Rudometkin credits the university’s efforts to promote neighborhood outreach and alternative methods of transportation for decreases in neighborhood complaints, emergency overflow parking and bottleneck traffic.

Daryl Supernaw, founder of the Atherton Corridor Neighborhood Association and a local resident, said he credits preferential parking permits and greater communication between Cal State Long Beach and its neighbors for the reduction in complaints.

Before the preferential parking system was in place, “the neighborhood was completely impacted on the first day of school,” Supernaw said. “Now, we don’t even know when the first day of school is.”

Carpool, U-Pass, Zimride and ZipCar users helped to relieve parking headaches.

According to Elissa Thomas, sustainable transportation program coordinator for CSULB, the university has had some form of rideshare program active since 1989.
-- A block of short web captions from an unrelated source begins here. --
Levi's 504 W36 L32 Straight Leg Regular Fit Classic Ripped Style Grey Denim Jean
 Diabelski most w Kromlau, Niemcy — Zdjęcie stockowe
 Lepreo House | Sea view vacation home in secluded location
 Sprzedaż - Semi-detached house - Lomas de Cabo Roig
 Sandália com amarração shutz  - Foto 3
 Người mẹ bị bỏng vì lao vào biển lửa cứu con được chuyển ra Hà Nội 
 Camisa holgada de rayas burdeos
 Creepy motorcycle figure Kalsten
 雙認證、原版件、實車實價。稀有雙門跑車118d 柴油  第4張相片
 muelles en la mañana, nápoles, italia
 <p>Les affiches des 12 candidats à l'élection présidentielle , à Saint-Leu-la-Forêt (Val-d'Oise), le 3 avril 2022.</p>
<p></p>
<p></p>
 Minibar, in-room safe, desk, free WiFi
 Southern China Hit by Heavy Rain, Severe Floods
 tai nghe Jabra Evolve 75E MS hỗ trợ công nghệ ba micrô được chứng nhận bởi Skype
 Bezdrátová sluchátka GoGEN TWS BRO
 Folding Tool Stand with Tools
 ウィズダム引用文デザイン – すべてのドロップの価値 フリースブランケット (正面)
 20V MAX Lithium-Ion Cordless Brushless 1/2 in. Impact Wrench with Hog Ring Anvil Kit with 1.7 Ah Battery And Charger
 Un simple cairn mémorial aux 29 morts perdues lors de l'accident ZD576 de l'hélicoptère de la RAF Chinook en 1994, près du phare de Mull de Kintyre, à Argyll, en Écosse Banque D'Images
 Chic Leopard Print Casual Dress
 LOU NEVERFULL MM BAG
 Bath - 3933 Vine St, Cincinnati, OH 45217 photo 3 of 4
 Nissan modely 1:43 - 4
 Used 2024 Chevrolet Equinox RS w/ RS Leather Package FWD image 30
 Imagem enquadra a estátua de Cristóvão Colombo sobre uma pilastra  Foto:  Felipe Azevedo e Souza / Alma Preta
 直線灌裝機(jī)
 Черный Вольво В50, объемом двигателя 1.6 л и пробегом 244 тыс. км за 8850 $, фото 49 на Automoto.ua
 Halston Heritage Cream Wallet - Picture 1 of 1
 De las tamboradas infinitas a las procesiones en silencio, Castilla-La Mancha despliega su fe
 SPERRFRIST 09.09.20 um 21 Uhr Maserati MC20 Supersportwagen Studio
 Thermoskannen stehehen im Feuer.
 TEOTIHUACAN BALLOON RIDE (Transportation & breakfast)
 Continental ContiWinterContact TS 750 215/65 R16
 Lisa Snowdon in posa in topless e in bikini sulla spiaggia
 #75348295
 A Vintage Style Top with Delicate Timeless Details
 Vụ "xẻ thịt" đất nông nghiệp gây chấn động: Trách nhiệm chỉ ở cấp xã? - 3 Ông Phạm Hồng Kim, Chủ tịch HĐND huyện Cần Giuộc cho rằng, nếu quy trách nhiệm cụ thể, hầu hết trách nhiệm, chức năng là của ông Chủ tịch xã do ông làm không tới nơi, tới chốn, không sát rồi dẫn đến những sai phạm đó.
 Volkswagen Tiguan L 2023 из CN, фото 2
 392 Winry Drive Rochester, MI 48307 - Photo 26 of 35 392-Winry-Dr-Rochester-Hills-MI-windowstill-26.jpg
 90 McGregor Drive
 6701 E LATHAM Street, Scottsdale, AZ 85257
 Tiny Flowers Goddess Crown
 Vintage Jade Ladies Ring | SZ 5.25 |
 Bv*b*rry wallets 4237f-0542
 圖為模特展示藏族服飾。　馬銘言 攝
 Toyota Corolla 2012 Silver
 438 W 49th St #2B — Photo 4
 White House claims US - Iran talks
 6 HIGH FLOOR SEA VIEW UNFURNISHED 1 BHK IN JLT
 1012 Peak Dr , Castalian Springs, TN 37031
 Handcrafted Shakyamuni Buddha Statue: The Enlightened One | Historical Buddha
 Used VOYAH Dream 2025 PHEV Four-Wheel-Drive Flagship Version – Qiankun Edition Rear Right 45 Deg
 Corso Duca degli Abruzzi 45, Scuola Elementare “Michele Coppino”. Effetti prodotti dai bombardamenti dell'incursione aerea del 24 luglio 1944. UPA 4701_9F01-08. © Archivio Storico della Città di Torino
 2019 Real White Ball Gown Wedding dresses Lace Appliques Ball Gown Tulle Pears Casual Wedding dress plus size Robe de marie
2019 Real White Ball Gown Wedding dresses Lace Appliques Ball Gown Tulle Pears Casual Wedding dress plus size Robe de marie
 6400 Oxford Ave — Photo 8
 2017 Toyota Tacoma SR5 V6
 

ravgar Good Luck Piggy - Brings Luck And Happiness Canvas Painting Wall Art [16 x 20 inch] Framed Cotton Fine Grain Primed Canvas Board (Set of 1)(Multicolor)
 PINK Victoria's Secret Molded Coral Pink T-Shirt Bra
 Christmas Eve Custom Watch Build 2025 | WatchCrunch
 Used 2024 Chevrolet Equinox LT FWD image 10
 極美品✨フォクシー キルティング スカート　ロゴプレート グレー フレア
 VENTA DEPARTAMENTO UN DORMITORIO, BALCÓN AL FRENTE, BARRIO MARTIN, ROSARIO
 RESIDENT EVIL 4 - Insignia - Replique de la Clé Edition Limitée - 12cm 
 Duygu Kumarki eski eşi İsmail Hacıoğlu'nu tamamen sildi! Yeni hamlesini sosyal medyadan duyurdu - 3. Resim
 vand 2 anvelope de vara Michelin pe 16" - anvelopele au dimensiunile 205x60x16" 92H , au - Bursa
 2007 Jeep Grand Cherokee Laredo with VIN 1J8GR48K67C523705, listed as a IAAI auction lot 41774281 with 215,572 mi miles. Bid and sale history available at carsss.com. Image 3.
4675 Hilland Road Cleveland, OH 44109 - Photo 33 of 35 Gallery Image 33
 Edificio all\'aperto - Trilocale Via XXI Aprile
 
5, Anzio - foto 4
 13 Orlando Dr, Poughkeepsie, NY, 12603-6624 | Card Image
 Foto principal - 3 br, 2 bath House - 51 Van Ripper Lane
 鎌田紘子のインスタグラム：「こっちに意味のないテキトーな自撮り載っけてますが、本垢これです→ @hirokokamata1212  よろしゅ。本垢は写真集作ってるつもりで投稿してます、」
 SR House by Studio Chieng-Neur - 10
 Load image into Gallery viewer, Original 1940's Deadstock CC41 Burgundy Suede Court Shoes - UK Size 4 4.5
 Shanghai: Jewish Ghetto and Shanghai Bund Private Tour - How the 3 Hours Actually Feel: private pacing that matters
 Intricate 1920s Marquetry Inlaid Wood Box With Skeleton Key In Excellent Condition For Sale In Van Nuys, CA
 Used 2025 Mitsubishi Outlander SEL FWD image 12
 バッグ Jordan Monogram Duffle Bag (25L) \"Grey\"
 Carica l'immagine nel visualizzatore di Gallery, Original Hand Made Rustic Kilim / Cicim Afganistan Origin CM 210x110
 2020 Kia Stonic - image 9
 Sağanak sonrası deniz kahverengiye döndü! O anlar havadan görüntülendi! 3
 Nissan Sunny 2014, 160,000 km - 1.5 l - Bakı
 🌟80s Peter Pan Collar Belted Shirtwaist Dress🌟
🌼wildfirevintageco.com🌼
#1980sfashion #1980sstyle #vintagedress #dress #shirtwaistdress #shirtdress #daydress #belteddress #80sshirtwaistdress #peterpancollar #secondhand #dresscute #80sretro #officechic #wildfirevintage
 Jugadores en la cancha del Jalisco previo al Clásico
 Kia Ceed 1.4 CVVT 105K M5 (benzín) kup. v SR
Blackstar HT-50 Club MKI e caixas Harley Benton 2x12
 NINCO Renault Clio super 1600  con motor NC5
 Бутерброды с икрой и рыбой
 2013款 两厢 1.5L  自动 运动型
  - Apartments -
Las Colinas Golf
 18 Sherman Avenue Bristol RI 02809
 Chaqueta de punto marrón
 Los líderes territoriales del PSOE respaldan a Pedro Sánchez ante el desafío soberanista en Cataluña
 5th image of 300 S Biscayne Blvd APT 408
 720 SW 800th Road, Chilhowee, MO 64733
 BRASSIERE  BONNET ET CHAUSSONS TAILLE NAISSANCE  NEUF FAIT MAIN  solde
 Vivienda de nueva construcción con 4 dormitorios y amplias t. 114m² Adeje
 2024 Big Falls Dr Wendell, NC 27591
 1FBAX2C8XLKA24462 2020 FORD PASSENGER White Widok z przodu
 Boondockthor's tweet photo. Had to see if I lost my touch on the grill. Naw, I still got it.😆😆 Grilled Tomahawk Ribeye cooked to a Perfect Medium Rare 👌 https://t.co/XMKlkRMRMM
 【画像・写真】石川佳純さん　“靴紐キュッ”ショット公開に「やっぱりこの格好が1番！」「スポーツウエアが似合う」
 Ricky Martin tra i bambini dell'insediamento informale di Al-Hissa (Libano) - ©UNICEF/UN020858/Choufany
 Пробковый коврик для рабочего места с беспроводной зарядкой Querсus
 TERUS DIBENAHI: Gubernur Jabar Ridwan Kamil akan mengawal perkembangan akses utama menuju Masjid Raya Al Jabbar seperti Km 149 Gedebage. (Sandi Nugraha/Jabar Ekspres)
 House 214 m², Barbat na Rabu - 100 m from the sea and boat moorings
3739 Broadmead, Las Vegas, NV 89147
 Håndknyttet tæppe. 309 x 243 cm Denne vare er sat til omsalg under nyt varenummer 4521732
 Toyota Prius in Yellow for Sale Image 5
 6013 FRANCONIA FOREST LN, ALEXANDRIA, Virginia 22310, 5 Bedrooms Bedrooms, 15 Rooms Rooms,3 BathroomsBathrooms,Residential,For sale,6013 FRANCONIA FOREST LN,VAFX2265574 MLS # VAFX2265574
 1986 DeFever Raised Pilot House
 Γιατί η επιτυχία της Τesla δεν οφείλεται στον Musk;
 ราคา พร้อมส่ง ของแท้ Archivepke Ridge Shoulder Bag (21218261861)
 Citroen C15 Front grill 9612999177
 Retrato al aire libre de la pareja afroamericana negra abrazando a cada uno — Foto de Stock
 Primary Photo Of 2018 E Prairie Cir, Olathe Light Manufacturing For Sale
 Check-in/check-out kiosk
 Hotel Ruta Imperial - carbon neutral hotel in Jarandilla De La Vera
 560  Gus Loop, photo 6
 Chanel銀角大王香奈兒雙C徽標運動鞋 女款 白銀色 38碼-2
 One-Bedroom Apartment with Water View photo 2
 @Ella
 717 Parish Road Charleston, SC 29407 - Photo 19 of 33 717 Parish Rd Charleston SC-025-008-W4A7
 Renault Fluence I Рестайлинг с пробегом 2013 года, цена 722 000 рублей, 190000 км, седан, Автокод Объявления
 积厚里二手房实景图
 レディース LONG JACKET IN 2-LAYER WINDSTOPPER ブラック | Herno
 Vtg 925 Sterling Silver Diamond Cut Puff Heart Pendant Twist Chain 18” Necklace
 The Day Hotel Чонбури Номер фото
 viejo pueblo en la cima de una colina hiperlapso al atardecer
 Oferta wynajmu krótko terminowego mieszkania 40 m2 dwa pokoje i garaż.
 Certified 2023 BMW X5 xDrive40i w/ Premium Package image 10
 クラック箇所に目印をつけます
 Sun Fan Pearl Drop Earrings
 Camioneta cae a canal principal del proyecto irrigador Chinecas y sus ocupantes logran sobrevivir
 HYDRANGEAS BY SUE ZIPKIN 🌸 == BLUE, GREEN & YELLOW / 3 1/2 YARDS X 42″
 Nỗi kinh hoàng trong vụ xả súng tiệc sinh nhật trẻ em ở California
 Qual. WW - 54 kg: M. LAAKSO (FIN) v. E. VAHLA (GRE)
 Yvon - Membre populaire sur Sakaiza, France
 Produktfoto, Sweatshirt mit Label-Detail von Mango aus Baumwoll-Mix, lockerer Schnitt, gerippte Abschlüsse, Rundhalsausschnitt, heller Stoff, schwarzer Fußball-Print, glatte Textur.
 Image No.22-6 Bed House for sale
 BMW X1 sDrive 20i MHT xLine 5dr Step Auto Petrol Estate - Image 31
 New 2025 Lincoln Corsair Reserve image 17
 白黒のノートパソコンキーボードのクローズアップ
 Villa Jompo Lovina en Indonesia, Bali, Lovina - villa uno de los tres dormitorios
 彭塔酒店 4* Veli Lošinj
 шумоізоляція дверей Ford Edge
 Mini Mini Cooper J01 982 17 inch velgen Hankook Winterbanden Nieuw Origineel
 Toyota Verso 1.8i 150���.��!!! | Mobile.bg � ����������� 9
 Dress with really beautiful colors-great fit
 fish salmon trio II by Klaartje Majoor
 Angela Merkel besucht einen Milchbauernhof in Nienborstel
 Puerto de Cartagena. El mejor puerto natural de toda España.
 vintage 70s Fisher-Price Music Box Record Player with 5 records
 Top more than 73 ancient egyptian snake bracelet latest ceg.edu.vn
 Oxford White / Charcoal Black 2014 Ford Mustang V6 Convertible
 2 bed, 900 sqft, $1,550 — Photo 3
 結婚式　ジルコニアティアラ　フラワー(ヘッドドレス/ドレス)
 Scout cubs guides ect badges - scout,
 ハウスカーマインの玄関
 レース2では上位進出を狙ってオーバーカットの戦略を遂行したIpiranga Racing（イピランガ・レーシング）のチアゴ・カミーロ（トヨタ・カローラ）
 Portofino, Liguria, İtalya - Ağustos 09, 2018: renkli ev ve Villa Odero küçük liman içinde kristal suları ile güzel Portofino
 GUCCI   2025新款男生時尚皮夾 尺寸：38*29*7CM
Thomas said the allotted 1,000 passes for the CSULB carpooling program are usually snatched up each semester. The spaces, marked by a yellow curb, allow students to park closer to the campus than standard parking spaces.

The U-Pass system — where CSULB students need only swipe their student IDs to ride free on Long Beach Transit buses — is also credited for freeing up campus parking spaces. The system, which began in 2008, was utilized by as many as 8,000 students a month in the Fall 2010 semester, Thomas said.

This translates into over 259,000 gallons of gas saved in the 2009-10 academic year, the last full year of available statistics, Thomas said.

Zimride, a rideshare program that connects CSULB drivers and passengers via Facebook, is another option for students. The system uses algorithms that enable a student to see how close a potential rideshare candidate is located.

Zimride, which began in late 2009 with around 600 riders, has nearly doubled in users. Zimride is also connected to Facebook, allowing users to view the profiles of their rideshare candidates, Thomas said.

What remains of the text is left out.